RECORDS PROVIDED
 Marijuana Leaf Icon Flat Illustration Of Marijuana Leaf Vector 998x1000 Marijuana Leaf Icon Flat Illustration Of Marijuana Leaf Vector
---
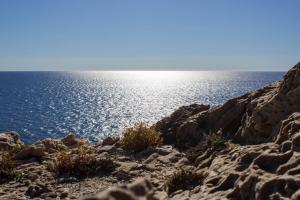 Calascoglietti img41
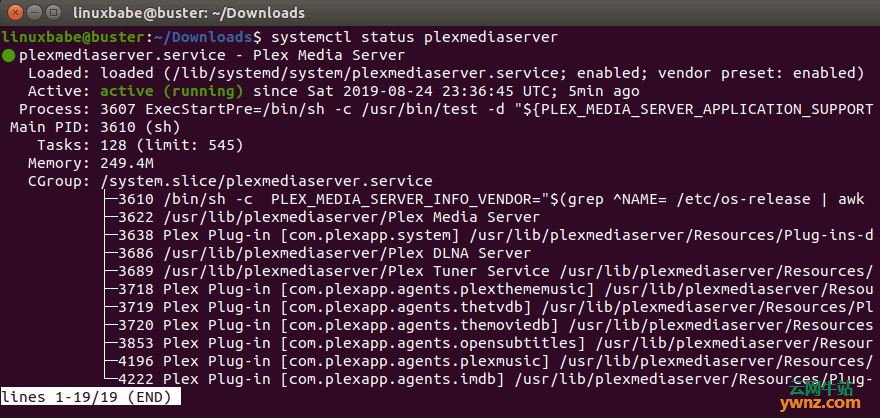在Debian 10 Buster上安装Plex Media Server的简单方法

THE TASK
Of the records above, print only the lines from the one containing "Calascoglietti img41" through the one containing "在Debian 10 Buster上安装Plex Media Server的简单方法", inclusive and unaltered, leaving out pictures.

YOUR RESPONSE
 Calascoglietti img41
在Debian 10 Buster上安装Plex Media Server的简单方法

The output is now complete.